## [WHAT THE TASK REQUIRES]
Filter the listing and keep only the lines with the word "image".
--- DATA EXTRACTS ---
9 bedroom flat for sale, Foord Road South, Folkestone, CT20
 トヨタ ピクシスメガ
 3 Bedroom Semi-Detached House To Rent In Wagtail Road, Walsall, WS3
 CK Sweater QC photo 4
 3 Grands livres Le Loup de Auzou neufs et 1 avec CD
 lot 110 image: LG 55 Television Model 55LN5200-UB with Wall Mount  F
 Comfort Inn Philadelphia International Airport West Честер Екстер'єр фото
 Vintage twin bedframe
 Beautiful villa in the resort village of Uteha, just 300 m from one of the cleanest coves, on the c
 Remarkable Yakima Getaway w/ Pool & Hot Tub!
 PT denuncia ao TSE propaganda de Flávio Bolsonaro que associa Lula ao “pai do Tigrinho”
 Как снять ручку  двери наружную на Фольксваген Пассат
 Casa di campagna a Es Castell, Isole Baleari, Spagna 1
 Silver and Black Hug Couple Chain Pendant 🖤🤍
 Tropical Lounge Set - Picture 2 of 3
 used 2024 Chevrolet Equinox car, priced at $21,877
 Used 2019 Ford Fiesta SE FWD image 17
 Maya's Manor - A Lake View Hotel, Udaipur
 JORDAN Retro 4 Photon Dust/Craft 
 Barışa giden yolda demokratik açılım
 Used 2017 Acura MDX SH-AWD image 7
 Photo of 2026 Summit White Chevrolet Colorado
---
## [RESPONSE BOX]
 lot 110 image: LG 55 Television Model 55LN5200-UB with Wall Mount  F
 Used 2019 Ford Fiesta SE FWD image 17
 Used 2017 Acura MDX SH-AWD image 7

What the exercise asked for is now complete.